As the injection season wears on, the market will grapple with increasingly complex conditions, growing risk factors and greater uncertainty than in the past that require a more flexible and probabilistic-based approach, EBW said. The firm expects the market to target end-of-October storage inventories at around 3.5 Tcf, which would set up an end-of-March 2020 storage target of 1.300 Tcf, “sufficient to absorb a modest rise in winter weather-driven demand and LNG export facilities anticipated to enter service in 4Q2019.”
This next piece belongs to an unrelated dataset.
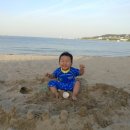 민캠프 이미지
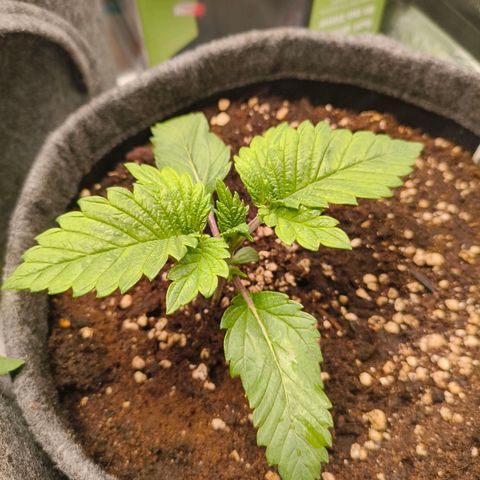 Purple Haze growlog timeline photo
Cash prices in the Permian have been snagging headlines for the past two weeks as a perfect storm of bearish factors — primarily record production and a lack of takeaway capacity — sent prices to record lows. Last Wednesday, Waha spot gas traded at a record low of minus $9 before going on to average minus $5.75, a drop of $2 on the day. Thursday bought about a substantial rebound in cash prices of more than $5, but next-day gas still averaged below zero, Daily GPI data show.
The bump followed the lifting of a force majeure that had been in place since mid-March on a portion of Kinder Morgan Inc.’s El Paso Natural Gas Pipeline in New Mexico. Although the return to service provided some relief to cash prices, price weakness was likely to continue as the region remains starved for incremental takeaway capacity.
The shift into negative territory finally bled into the forwards markets, when Waha May prices dropped to minus 26.1 cents last Tuesday. The prompt month fell even further on Wednesday, down to minus 50 cents, a loss of 62 cents during the March 28-April 3 period, according to Forward Look.
“Following a trajectory that resembles a jet airliner that has lost engine power, Waha prompt-month forward prices have finally broken into negative territory in fixed-price terms,” said NGI’s Nate Harrison, markets analyst. “While prices remain in positive territory so far for June, the second-month contract hangs by a thread and could also drop into the negatives as well.”
Waha June settled Wednesday at just 10.4 cents, a drop of 41 cents from March 28, according to Forward Look.
Harrison pointed to “three moving pieces” that are influencing the pricing dynamics in the Permian. The first is continued strong production with limited pipeline takeaway. At the same time, crude prices have been comfortably above $60/bbl, and last Thursday briefly soared above $70.
“The higher the price of oil, the more tolerable negative gas prices become,” Harrison said.
The third factor at play that could put downward pressure on Waha forwards is potential weakness for Nymex Henry Hub futures, according to Harrison. “Even if Waha basis remained flat, a sharp decline in futures could push/keep prices negative at least into June.”
States primarily focused on oil-directed drilling added 5.4 Bcf/d of associated gas production in 2018, according to EBW. This trend is poised to accelerate in 2019 because of constructive oil prices, surging output and an oil-to-gas output ratio that should become gassier over time, providing a tailwind to gas output totals.
“Even if Appalachian gains nosedive toward 1.0 Bcf/d — balancing out legacy declines in other states — and strong 2018 gains in the Haynesville and Gulf of Mexico stagnate in 2019, dry gas output may rise by more than 5 Bcf/d again in 2019 as associated gas continues higher,” EBW’s Weissman said.
Outside of the Permian, Western Canada forward prices were reflective of many of the same trends such as rampant production and lack of takeaway capacity. NOVA/AECO May prices dropped 12 cents from March 28-April 3 to reach 93.7 cents, and June fell 6 cents to $72.5 cents, Forward Look data show. The balance of summer was down a nickel to 86 cents.